STA semana hemos tenido nueva polémica: la calificación del daño causado por ETA como justo o injusto dependería del relato desde el que cada uno cuenta la historia.

Hay aquí dos cuestiones diferentes que deberíamos tratar por separado para ordenar el debate. Primera: ¿Es cierto que el carácter justo o injusto del daño depende del color del cristal con que se mire (es decir, del relato)? Y segunda: ¿Son todos los relatos igualmente aceptables en una sociedad democrática? No deberíamos confundir ambas preguntas si queremos discernir.

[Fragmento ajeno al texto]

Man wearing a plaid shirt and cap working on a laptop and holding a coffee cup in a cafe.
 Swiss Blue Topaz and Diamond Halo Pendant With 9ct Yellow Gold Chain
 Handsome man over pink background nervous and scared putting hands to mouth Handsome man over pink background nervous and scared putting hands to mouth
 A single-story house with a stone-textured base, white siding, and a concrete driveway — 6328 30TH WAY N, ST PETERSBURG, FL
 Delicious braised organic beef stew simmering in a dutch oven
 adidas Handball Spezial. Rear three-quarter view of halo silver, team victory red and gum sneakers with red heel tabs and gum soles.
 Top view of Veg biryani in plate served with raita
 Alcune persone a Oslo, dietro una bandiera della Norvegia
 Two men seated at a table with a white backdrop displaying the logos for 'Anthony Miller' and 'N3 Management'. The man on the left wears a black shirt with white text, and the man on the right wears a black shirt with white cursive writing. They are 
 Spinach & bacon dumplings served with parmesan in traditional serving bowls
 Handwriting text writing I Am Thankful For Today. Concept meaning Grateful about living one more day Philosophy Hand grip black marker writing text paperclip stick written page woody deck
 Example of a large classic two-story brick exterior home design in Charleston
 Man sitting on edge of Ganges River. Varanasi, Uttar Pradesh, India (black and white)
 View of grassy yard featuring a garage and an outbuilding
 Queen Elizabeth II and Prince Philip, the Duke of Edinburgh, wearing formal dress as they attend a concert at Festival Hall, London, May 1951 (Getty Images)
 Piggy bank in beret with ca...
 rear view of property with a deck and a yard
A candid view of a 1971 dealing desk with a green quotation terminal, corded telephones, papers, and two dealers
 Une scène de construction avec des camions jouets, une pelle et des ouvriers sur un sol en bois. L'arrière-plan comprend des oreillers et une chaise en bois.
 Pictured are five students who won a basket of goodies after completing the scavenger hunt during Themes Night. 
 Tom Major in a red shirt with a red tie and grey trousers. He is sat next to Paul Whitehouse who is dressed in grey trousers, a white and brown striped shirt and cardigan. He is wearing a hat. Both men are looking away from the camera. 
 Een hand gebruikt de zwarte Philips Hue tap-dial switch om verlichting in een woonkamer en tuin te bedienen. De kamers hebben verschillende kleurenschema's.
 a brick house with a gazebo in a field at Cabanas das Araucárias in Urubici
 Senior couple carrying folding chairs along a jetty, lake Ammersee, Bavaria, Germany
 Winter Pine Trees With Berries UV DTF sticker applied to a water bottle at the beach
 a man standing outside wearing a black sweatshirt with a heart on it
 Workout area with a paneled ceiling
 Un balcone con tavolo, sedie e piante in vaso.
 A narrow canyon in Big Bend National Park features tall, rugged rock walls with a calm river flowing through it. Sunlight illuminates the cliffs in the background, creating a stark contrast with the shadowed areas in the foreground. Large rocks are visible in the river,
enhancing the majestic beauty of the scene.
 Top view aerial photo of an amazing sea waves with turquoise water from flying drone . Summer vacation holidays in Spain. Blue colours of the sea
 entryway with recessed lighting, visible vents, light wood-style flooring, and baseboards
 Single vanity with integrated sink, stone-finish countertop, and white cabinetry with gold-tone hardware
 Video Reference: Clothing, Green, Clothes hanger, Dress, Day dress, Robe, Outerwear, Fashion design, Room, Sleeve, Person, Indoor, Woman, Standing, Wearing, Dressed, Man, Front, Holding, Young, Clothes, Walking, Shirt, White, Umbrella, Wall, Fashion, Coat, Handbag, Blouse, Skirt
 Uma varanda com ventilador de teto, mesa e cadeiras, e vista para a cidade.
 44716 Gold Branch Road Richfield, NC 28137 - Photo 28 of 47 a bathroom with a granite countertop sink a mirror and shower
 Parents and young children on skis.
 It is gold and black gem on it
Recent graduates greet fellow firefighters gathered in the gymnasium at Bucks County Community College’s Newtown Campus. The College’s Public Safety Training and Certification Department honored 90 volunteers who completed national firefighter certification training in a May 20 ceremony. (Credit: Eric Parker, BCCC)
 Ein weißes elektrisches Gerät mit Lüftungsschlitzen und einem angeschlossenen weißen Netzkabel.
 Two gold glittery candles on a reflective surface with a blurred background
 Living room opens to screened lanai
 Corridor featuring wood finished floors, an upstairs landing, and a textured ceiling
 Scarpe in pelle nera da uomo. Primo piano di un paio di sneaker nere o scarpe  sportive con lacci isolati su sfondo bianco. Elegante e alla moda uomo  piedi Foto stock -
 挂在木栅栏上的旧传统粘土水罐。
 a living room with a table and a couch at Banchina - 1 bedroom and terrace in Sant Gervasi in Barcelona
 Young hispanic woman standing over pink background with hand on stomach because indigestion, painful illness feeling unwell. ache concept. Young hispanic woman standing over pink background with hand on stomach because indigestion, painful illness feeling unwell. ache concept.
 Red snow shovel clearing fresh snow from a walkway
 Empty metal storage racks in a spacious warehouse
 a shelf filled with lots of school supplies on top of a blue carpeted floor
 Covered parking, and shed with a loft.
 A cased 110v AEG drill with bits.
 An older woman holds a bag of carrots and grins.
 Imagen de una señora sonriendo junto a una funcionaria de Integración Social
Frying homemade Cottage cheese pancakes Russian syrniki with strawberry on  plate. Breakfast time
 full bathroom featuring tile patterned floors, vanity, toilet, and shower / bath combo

En relación con la primera cuestión, entiendo que efectivamente todo juicio de valor depende de un relato, de una visión, de unos valores de partida. Matar a la esposa infiel y a su amante fue legal en otros tiempos ya que, según el relato del derecho castellano del siglo XVI, era justo. La homosexualidad es castigada con pena de muerte en algunos países porque hay un relato que considera justa la condena. La esclavitud ha existido porque había un relato que la sostenía como justa. La desigualdad de género es justa según algunos relatos. La tortura al detenido es justa según otros relatos. La violencia yihadista no existiría sin un relato que la bendijera como justa. La violencia dentro del matrimonio es justa si aplicamos determinados relatos. El asalto al Capitolio es considerado como justo por millones de estadounidenses que comparten el relato trumpista. No insisto con más ejemplos. Calificar algo como justo o injusto depende de una cosmovisión -de un relato- que lo justifique.

La cuestión central, por lo tanto, es la segunda: ¿Son todos esos relatos igualmente aceptables en una sociedad que quiere basarse en principios democráticos y en los derechos humanos? He aquí, me temo, el solomillo de la cuestión.

Hay muchos relatos posibles. Cada uno de nosotros puede alimentar en la intimidad los mitos, los ídolos, los sueños o las pesadillas que quiera. O puede fantasear con una sociedad en que matar, acosar, secuestrar, amenazar o torturar es justo. Pero el relato público -el conjunto de relatos que como sociedad podemos aceptar abiertamente en el espacio común- se debe basar en unos principios compatibles con los derechos humanos. Ese relato público compartido deja amplio margen para diferentes interpretaciones sobre lo pasado, dado que somos una sociedad plural, pero también debe establecer algunos principios mínimos irrenunciables, dado que nos queremos constituir como sociedad con principios. Y así cuando alguien pisa una línea roja la sociedad democrática puede y debe amonestarle o sacar tarjeta amarilla o roja, según la recurrencia o la gravedad de la falta.

Aunque resulte un pensamiento circular en una frase un tanto compleja, le ruego que piense si lo que voy a decir tiene sentido: la calificación de un determinado hecho como justo o injusto puede a su vez determinar el carácter justo o injusto del relato desde el que se juzga. No es un juego de palabras, sino una mirada que nos lleva a la siguiente pregunta: ¿Y si lo que resulta injusto no es solo el daño causado sino también un relato que confunde lo cruel con lo ejemplar, lo miserable con lo noble, lo despreciable con lo necesario? Y dando un paso más: ¿Y si ese relato resulta no solo justificador a posteriori del daño sino que fue condición necesaria de la aparición de ese daño?

El relativismo absoluto aboca a un mundo injusto. Ya lo vio Campoamor cuando dijo aquello de que "en el mundo traidor / nada hay verdad ni mentira: / todo es según el color / del cristal con que se mira". El caso es que no queremos un mundo traidor y, por lo tanto, no todos los cristales son admisibles.